I have a PHP-Project, where I am redirecting every URL to index.php. But the files in uploads folder (.png, .pdf, etc.) can be accessed directly. Is there a way to prevent this and also redirect URLs like https://example.com/uploads/asdf.pdf to index.php.

This is my .htaccess file:

AddType application/x-httpd-php .html
RewriteEngine On
RewriteCond %{REQUEST_FILENAME} !-f
RewriteRule ^(.*)$ index.php [L,QSA]
RewriteRule ^([^\.]+)$ $1.php [NC,L]

Made some changes on the .htaccess file, but did not help.

MrWhite
  • 43,179
  • 8
  • 60
  • 84
ibo_dc
  • 33
  • 4
  • 2
    Do you know what your line `RewriteCond %{REQUEST_FILENAME} !-f` actually does? Now consider that those PDF files are actual files in your file system, obviously. So what will be the effect of that line? – arkascha Aug 07 '23 at 19:03
  • I get it, but it has to load the JS and CSS files and when I delete the line of code, it is not loading those files. So I need something, which loads the css and js files, but not pdf's. – ibo_dc Aug 08 '23 at 14:06
  • Usually one does not allow direct access to files _at all_ . Instead all requests are routed through a script, also those requesting physical files like your documents. That allows to implement flexible access controls.

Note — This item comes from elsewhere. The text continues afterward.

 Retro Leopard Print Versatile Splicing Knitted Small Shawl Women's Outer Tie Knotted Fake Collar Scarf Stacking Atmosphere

And keeps things like actual storage path away from the client where it does not belong. – arkascha Aug 08 '23 at 17:50

1 Answers1

1
RewriteCond %{REQUEST_FILENAME} !-f
RewriteRule ^(.*)$ index.php [L,QSA]

To rewrite all requests that do not map to physical files OR that map to .pdf files in the /uploads directory to index.php then you can basically just add an additional OR'd condition to the above rule.

For example:

RewriteCond %{REQUEST_URI} ^/uploads/[^/]+\.pdf$ [OR]
RewriteCond %{REQUEST_FILENAME} !-f
RewriteRule ^ index.php [L]

So, the above states that any request of the form /uploads/<file>.pdf (regardless of whether that .pdf file exists or not) OR that does not map to a physical is rewritten to index.php.

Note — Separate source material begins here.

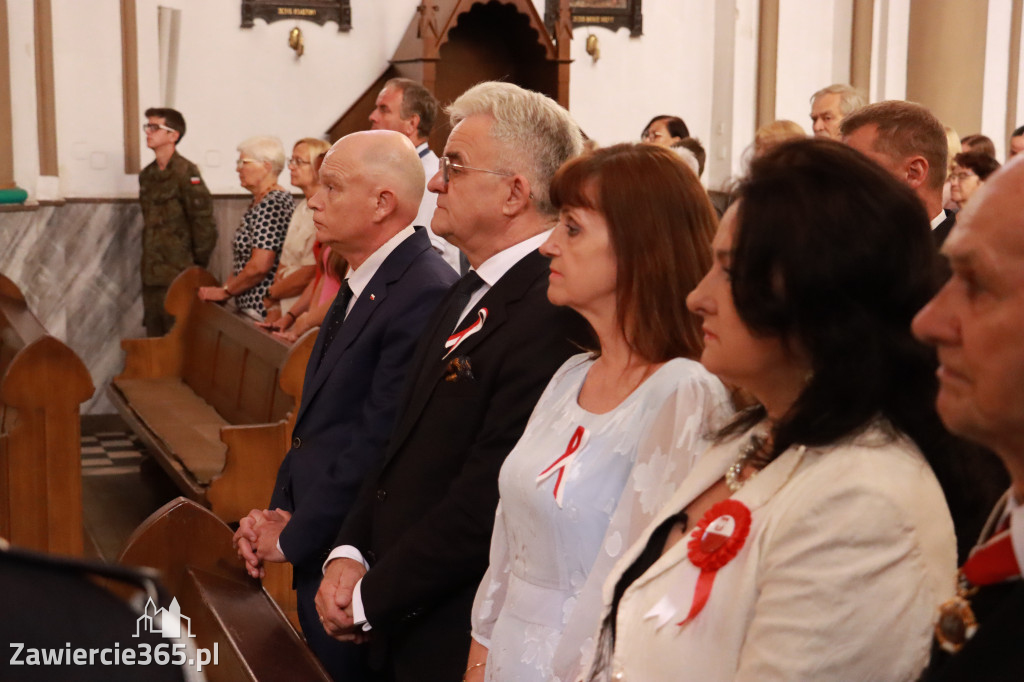 Fotorelacja I: Powiatowe Obchody Święta Wojska Polskiego w Porębie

If you wish to rewrite everything in the /uploads directory through index.php then simply change the regex from ^/uploads/[^/]+\.pdf$ to ^/uploads/.

I also simplified (and made more efficient) the regex in the RewriteRule directive (since you don't need to match and capture everything) and the QSA flag was redundant here.

UPDATE:

How is it possible with files, which are in a subfolder of the uploads folder?

You can tweak the regex in the preceding condition (RewriteCond directive). For example...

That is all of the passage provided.